I finally got out to do some cutting this morning before the snow comes in tonight. I really like this wood and grab as much as I can when I find it. Most of it is free of bark and what does still have it will fall off while splitting. Both of these was already blown down which caused some problems. We have had a lot of freezing rain here lately and they had about 1/4 of ice on them. Beside being hard to handle, it dulled the chains real quick. If we get what they are calling for this may be my last outing for a while.
Nice load of wood you got there today! Can't agree more with you on red elm, really great firewood. Clean, barkless, rot resistant, high BTU's. Splits a little hard if you have to do it by hand though....
I like the barkless dead elm too. Is going to get me to the 3 year plan. IMHO, the elm dulls chains worse than other wood. It's a small price to pay.
That there is a good lookin' load of rounds. Ya gotta make hay while the sun shines, eh? The truck appears up to the task too. Nice catch...
That looks like American Elm I think - still great stuff. When its nice and dry and straight like that I've never had a problem splitting it by hand. One hit one split...
I like that. Truck full of wood. Makes me miss gathering and cutting. Can't do anything for 10 weeks. Never had elm.
I like that. Truck full of wood. Makes me miss gathering and cutting. Can't do anything for 10 weeks. Never had elm. Yes...I'm a tax accountant, and I'm buried until April 15th. I have lots of firewood split and in unsplit logs. I need to burn this inventory up and then go out with fury in the spring. I'll have leftover from this winter...not 3 years ahead, but maybe 1 year ahead. I bought a truck in the fall. Now, I have everything I need to hoard, except for time at the moment.
I've only had red elm once, and wish I saw it more often. It was my first scrounge ever, and I cut up a couple of carloads worth with a Husky 137 that I'd bought before I knew one saw model from another. I don't know why, but to me red elm smoke just smells the way that wood smoke ought to smell.
The best part is there is no brush to deal with. This splits much easier then the white elm being it is pretty much straight grained. It has a nice blue flame while burning, coals nice and doesn't leave a lot of ash. The first tree has been down a couple of years and the only soft spots were around the stump about 12" from bottom.

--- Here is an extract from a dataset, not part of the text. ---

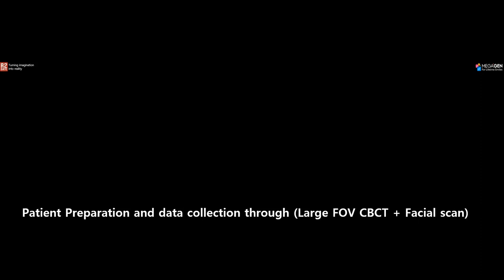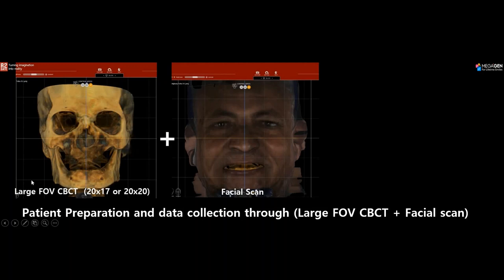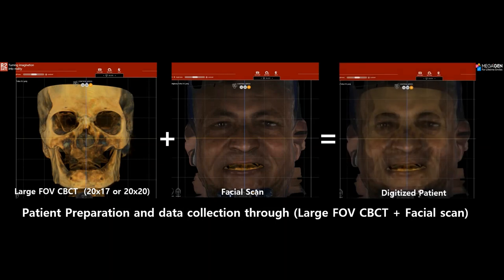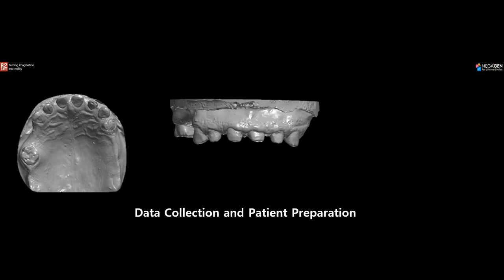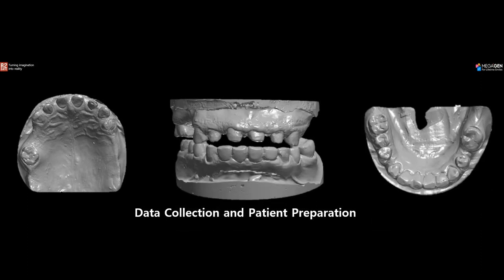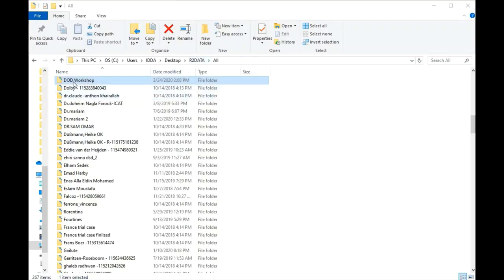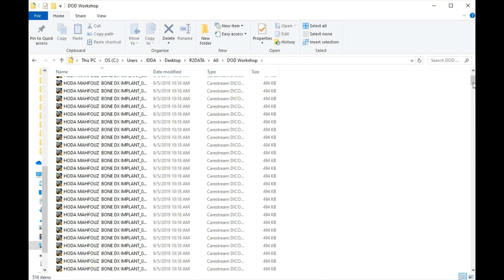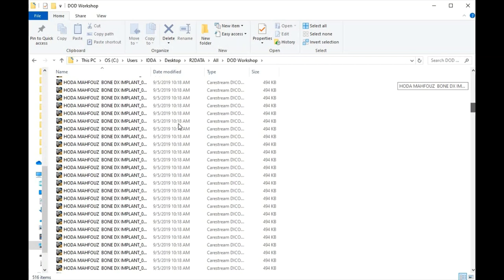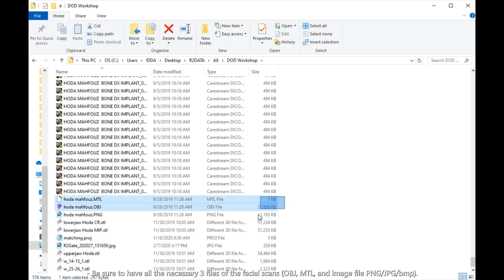First we'll start with Patient Preparation and Data Collection. To prepare the patient for Digital Oral Design, we acquire a large FOV CBCT — either 20x17 or 20x20 — then acquire a facial scan. We always get the upper and lower models of the patient, and we CBCT scan and intraoral scan the patient in centric relation. Inside the R2-Data folder, create a new folder named after the patient and place all files — the CBCT scan, facial scan, and models — in that folder.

HJ, I'm not sure ice dulls the saw that much but elm is just one that will dull a saw a bit quicker. Now as for it being hard to handle, we have the solution and these thing are terrific! I just can't say enough good things about them.
My wife is a CPA, say no more! Thankfully, she hasn't done taxes in about 10 years, so she no longer has that problem. Good luck, the tax code is sooooooooo screwed up in the country, it's ridiculous.
Great stuff. Not much around here left where I cut at.Most died out before the 1990's. Still a few smaller live ones growing hopefully they'll hang around for a few more years.I've only cut 4 dead ones since 2011.Biggest one was just 14" & about 50 ft tall,dropped that one last August.